EXERCISE DESCRIPTION. Only the lines from the one containing "People take pictures" to the end of the data should be copied, exactly and without pictures.

DATASET EXTRACT.
▬▬▬▬▬▬▬▬▬▬

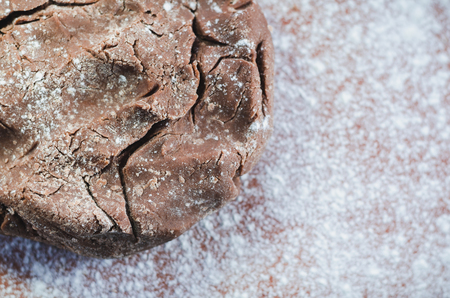 Chocolate dough for cakes on a wooden board, sprinkled with flourの写真素材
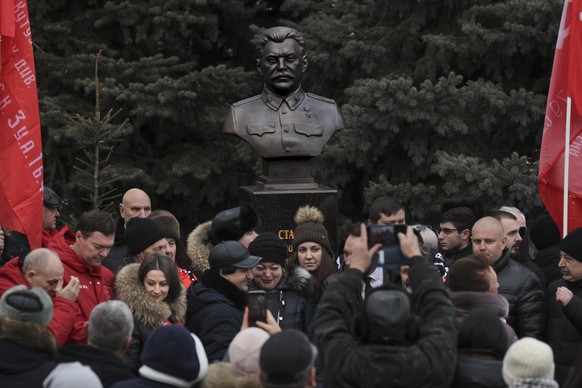 People take pictures in front of the bust of Soviet leader Josef Stalin, after an inauguration of busts of him and other Marshal of the Soviet Union Georgy Zhukov and Aleksandr Vasilevsky in the territory…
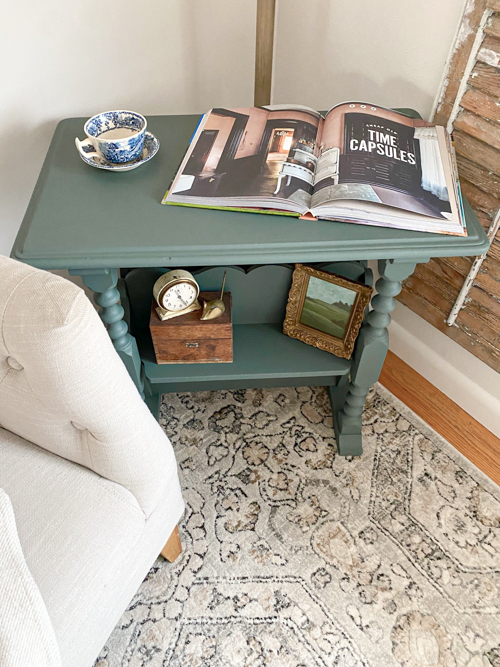 This DIY painted end table makeover is a step-by-step tutorial showing how to clean, and remove loose veneer, sand, and paint to get a beautiful piece.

▬▬▬▬▬▬▬▬▬▬

WRITTEN ANSWER.
 People take pictures in front of the bust of Soviet leader Josef Stalin, after an inauguration of busts of him and other Marshal of the Soviet Union Georgy Zhukov and Aleksandr Vasilevsky in the territory…
 This DIY painted end table makeover is a step-by-step tutorial showing how to clean, and remove loose veneer, sand, and paint to get a beautiful piece.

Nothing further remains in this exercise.